### Directions
Reprint every line of the data, keeping each character intact.

### Input
□ □ □
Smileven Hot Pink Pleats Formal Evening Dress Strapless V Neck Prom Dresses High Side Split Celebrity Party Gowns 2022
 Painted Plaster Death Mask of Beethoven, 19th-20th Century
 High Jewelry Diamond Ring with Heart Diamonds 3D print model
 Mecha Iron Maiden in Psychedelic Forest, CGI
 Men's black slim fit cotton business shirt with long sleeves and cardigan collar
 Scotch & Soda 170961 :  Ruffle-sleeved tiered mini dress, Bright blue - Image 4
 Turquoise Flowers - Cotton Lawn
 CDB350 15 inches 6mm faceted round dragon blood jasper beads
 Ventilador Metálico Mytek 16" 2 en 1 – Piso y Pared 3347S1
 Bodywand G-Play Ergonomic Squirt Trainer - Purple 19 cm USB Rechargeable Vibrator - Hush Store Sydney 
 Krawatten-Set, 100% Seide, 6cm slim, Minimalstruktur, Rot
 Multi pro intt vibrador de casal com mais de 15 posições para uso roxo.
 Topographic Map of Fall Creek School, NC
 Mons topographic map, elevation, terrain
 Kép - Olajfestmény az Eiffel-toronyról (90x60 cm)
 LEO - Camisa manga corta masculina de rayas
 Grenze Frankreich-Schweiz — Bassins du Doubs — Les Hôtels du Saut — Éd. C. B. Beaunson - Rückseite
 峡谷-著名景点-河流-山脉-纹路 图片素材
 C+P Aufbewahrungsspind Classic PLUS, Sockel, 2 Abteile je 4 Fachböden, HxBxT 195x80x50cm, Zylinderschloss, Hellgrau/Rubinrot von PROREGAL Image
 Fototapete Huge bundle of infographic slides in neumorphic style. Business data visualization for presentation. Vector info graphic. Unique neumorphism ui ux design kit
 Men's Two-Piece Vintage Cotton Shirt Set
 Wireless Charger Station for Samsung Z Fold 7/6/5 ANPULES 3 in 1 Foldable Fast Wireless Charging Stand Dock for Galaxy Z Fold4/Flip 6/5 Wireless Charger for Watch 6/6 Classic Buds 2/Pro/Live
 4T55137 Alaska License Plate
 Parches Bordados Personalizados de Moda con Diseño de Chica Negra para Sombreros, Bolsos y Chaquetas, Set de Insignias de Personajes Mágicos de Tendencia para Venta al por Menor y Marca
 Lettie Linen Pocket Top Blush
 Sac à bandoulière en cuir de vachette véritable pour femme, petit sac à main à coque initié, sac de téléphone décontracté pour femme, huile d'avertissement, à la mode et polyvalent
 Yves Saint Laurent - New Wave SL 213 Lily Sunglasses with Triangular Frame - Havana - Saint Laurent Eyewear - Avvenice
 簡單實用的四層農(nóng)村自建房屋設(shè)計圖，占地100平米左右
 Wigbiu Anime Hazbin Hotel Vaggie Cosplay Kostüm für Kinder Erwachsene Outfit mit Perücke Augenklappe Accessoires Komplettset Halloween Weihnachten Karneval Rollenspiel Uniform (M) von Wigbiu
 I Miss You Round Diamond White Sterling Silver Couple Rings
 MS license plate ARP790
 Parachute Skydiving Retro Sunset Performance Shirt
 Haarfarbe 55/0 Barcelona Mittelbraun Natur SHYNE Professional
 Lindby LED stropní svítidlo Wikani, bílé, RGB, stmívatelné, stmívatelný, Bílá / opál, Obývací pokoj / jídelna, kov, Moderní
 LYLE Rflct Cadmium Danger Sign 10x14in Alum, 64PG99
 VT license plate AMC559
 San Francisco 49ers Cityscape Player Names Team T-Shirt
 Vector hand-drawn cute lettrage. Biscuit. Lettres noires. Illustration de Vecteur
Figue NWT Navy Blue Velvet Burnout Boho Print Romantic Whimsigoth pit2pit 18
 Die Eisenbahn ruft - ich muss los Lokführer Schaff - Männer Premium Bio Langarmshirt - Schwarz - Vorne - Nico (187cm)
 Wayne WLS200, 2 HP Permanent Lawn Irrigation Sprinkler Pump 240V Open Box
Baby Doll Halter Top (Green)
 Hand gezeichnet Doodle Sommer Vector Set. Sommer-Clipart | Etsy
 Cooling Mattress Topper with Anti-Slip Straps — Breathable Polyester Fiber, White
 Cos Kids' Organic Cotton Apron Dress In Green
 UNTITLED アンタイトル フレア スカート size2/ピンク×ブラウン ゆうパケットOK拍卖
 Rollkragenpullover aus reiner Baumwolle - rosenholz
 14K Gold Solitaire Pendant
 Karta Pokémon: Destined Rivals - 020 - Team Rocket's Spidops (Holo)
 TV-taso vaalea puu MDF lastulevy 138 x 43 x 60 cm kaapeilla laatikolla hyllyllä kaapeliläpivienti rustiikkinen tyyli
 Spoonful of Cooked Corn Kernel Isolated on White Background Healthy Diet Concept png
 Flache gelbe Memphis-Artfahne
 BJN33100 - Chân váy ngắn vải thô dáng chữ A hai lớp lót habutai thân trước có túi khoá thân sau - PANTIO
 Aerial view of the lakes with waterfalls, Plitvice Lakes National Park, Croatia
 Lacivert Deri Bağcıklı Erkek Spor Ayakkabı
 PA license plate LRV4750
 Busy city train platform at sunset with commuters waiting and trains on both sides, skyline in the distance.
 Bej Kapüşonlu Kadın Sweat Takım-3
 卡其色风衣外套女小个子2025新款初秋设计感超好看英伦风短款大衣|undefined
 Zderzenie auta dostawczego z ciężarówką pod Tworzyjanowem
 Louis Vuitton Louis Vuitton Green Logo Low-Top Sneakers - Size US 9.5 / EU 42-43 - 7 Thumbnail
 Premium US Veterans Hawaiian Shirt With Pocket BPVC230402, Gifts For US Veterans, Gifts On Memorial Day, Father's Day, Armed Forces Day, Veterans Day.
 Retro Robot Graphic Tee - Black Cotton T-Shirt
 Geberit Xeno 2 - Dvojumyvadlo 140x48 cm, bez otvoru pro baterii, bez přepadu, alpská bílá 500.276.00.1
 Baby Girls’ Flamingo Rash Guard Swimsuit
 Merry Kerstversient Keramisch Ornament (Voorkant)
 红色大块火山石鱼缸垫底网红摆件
□ □ □
### Exercise solution
Smileven Hot Pink Pleats Formal Evening Dress Strapless V Neck Prom Dresses High Side Split Celebrity Party Gowns 2022
 Painted Plaster Death Mask of Beethoven, 19th-20th Century
 High Jewelry Diamond Ring with Heart Diamonds 3D print model
 Mecha Iron Maiden in Psychedelic Forest, CGI
 Men's black slim fit cotton business shirt with long sleeves and cardigan collar
 Scotch & Soda 170961 :  Ruffle-sleeved tiered mini dress, Bright blue - Image 4
 Turquoise Flowers - Cotton Lawn
 CDB350 15 inches 6mm faceted round dragon blood jasper beads
 Ventilador Metálico Mytek 16" 2 en 1 – Piso y Pared 3347S1
 Bodywand G-Play Ergonomic Squirt Trainer - Purple 19 cm USB Rechargeable Vibrator - Hush Store Sydney 
 Krawatten-Set, 100% Seide, 6cm slim, Minimalstruktur, Rot
 Multi pro intt vibrador de casal com mais de 15 posições para uso roxo.
 Topographic Map of Fall Creek School, NC
 Mons topographic map, elevation, terrain
 Kép - Olajfestmény az Eiffel-toronyról (90x60 cm)
 LEO - Camisa manga corta masculina de rayas
 Grenze Frankreich-Schweiz — Bassins du Doubs — Les Hôtels du Saut — Éd. C. B. Beaunson - Rückseite
 峡谷-著名景点-河流-山脉-纹路 图片素材
 C+P Aufbewahrungsspind Classic PLUS, Sockel, 2 Abteile je 4 Fachböden, HxBxT 195x80x50cm, Zylinderschloss, Hellgrau/Rubinrot von PROREGAL Image
 Fototapete Huge bundle of infographic slides in neumorphic style. Business data visualization for presentation. Vector info graphic. Unique neumorphism ui ux design kit
 Men's Two-Piece Vintage Cotton Shirt Set
 Wireless Charger Station for Samsung Z Fold 7/6/5 ANPULES 3 in 1 Foldable Fast Wireless Charging Stand Dock for Galaxy Z Fold4/Flip 6/5 Wireless Charger for Watch 6/6 Classic Buds 2/Pro/Live
 4T55137 Alaska License Plate
 Parches Bordados Personalizados de Moda con Diseño de Chica Negra para Sombreros, Bolsos y Chaquetas, Set de Insignias de Personajes Mágicos de Tendencia para Venta al por Menor y Marca
 Lettie Linen Pocket Top Blush
 Sac à bandoulière en cuir de vachette véritable pour femme, petit sac à main à coque initié, sac de téléphone décontracté pour femme, huile d'avertissement, à la mode et polyvalent
 Yves Saint Laurent - New Wave SL 213 Lily Sunglasses with Triangular Frame - Havana - Saint Laurent Eyewear - Avvenice
 簡單實用的四層農(nóng)村自建房屋設(shè)計圖，占地100平米左右
 Wigbiu Anime Hazbin Hotel Vaggie Cosplay Kostüm für Kinder Erwachsene Outfit mit Perücke Augenklappe Accessoires Komplettset Halloween Weihnachten Karneval Rollenspiel Uniform (M) von Wigbiu
 I Miss You Round Diamond White Sterling Silver Couple Rings
 MS license plate ARP790
 Parachute Skydiving Retro Sunset Performance Shirt
 Haarfarbe 55/0 Barcelona Mittelbraun Natur SHYNE Professional
 Lindby LED stropní svítidlo Wikani, bílé, RGB, stmívatelné, stmívatelný, Bílá / opál, Obývací pokoj / jídelna, kov, Moderní
 LYLE Rflct Cadmium Danger Sign 10x14in Alum, 64PG99
 VT license plate AMC559
 San Francisco 49ers Cityscape Player Names Team T-Shirt
 Vector hand-drawn cute lettrage. Biscuit. Lettres noires. Illustration de Vecteur
Figue NWT Navy Blue Velvet Burnout Boho Print Romantic Whimsigoth pit2pit 18
 Die Eisenbahn ruft - ich muss los Lokführer Schaff - Männer Premium Bio Langarmshirt - Schwarz - Vorne - Nico (187cm)
 Wayne WLS200, 2 HP Permanent Lawn Irrigation Sprinkler Pump 240V Open Box
Baby Doll Halter Top (Green)
 Hand gezeichnet Doodle Sommer Vector Set. Sommer-Clipart | Etsy
 Cooling Mattress Topper with Anti-Slip Straps — Breathable Polyester Fiber, White
 Cos Kids' Organic Cotton Apron Dress In Green
 UNTITLED アンタイトル フレア スカート size2/ピンク×ブラウン ゆうパケットOK拍卖
 Rollkragenpullover aus reiner Baumwolle - rosenholz
 14K Gold Solitaire Pendant
 Karta Pokémon: Destined Rivals - 020 - Team Rocket's Spidops (Holo)
 TV-taso vaalea puu MDF lastulevy 138 x 43 x 60 cm kaapeilla laatikolla hyllyllä kaapeliläpivienti rustiikkinen tyyli
 Spoonful of Cooked Corn Kernel Isolated on White Background Healthy Diet Concept png
 Flache gelbe Memphis-Artfahne
 BJN33100 - Chân váy ngắn vải thô dáng chữ A hai lớp lót habutai thân trước có túi khoá thân sau - PANTIO
 Aerial view of the lakes with waterfalls, Plitvice Lakes National Park, Croatia
 Lacivert Deri Bağcıklı Erkek Spor Ayakkabı
 PA license plate LRV4750
 Busy city train platform at sunset with commuters waiting and trains on both sides, skyline in the distance.
 Bej Kapüşonlu Kadın Sweat Takım-3
 卡其色风衣外套女小个子2025新款初秋设计感超好看英伦风短款大衣|undefined
 Zderzenie auta dostawczego z ciężarówką pod Tworzyjanowem
 Louis Vuitton Louis Vuitton Green Logo Low-Top Sneakers - Size US 9.5 / EU 42-43 - 7 Thumbnail
 Premium US Veterans Hawaiian Shirt With Pocket BPVC230402, Gifts For US Veterans, Gifts On Memorial Day, Father's Day, Armed Forces Day, Veterans Day.
 Retro Robot Graphic Tee - Black Cotton T-Shirt
 Geberit Xeno 2 - Dvojumyvadlo 140x48 cm, bez otvoru pro baterii, bez přepadu, alpská bílá 500.276.00.1
 Baby Girls’ Flamingo Rash Guard Swimsuit
 Merry Kerstversient Keramisch Ornament (Voorkant)
 红色大块火山石鱼缸垫底网红摆件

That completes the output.